Undoubtedly one of the most difficult issues that small businesses face today is that of late payment. This is a real pain point for many SMEs across the UK and is frequently cited as a significant factor in preventing enterprises from fulfilling their potential. It's a complex and often sad state of affairs where businesses can find themselves waiting for weeks on end to receive payment from an individual or an organisation. Earlier this year, insurance firm Zurich published some harrowing statistics, which stated that one in five small firms were currently owed £25,000 or more and one in ten were waiting for payments of around £100,000.
Not exactly good reading. But there are ways to not only mitigate the scourge of late payment but tackle it head on. It is unjust that small business owners should be hit this hard because larger suppliers take too long to pay. Here are some ways in which you can be prepared for potential late payment issues.
Do a credit check
Before you enter into any type of arrangement with an external party, it's vital that you do some basic research. Platforms such as Experian and Check my file are excellent at looking into the payment history of other companies. This gives you the opportunity to know exactly what you're getting into. If a potential client has a low credit score and a history of paying late, it would probably be a wise idea to avoid this scenario all together.
Spell out your terms clearly
Whether this is 30 days, 15 days or even 10 days, make your payment terms as clear as possible.
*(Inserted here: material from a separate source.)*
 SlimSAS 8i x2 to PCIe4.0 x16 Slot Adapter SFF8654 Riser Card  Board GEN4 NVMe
State that you have a right to charge interest on overdue payments (see the late payment of commercial debt act). Whilst this may not guarantee prompt payment, it will certainly encourage earlier payment and show that you are aware of your rights. Make sure you include these payment terms on each and every invoice that you send.
Offer other forms of payment
Another way to discourage late offenders is by making it as easy as possible for payment to be made. This will give your client less excuses if they are late. You should consider setting up a PayPal account - a nice and quick way to be paid promptly as it can also be done via mobile. Why not send recurring invoices on a certain day each month (if they are a regular client). In turn, your client could send up an automatic payment on their side. This could save both of you a lot of time and ensure that you get paid quicker.
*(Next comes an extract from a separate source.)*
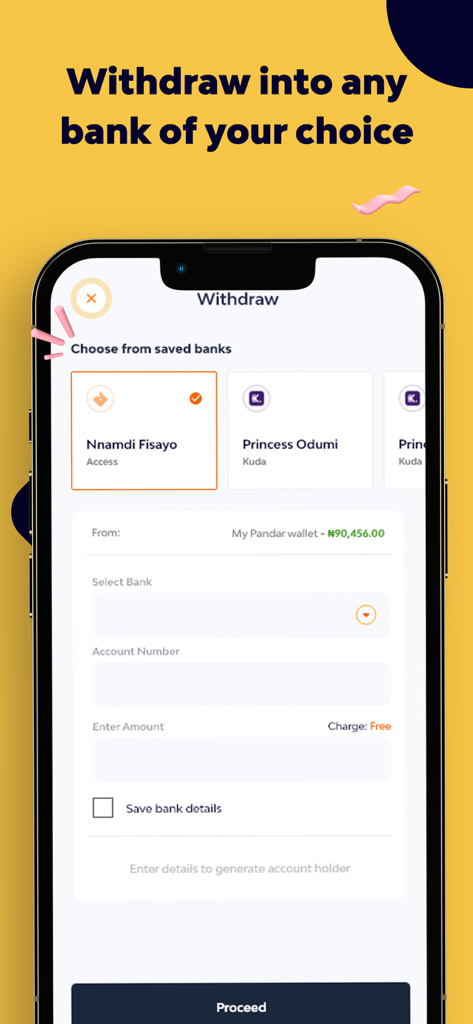 Pandar App - A screenshot of the Pandar App showing the interface to withdraw funds to a bank account.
Pressurise if you aren't satisfied
Be firm, without getting angry. If a client has not paid to the time they agreed, make sure that they are made aware of it. Ensure that you have a contact at the company and that you follow up with a string of communications to remind them that payment is due. If that doesn’t work, you have every right to be a bit more forceful in your tone. It’s important to be as visible as possible so that you cannot be ignored.
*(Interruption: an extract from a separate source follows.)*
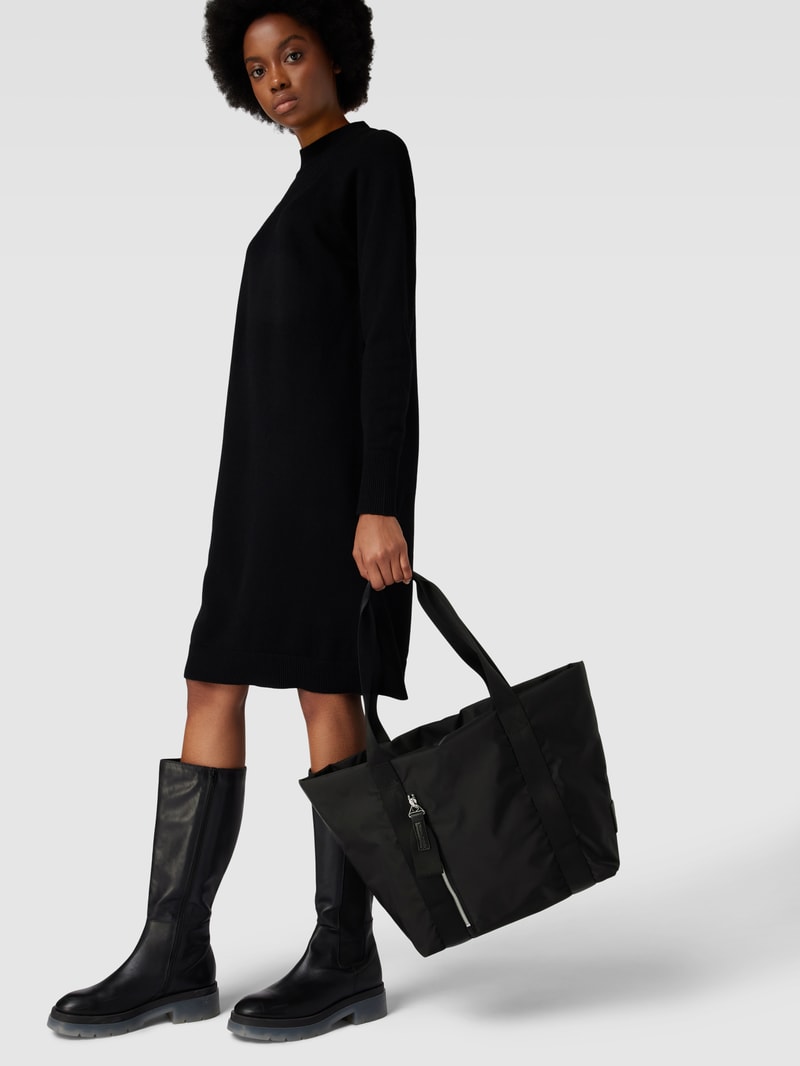 Shopper mit Label-Detail Modell 'ELIF' in schwarz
Incentivise prompt payment
How about rewarding early payment: this is a useful tactic to deploy as it doesn’t involve angry emails and chasing. Offer discounts for early payment as a reward for customers who are prompt. There is nothing quite like offering a reward for doing something quickly and it's a great way to settle your cashflow. There are plenty of sites where you can track payment in real time such as Xero, Clearbooks, Intuit and Zoho. It's worth considering doing this as another method to negate the possibility of late payment.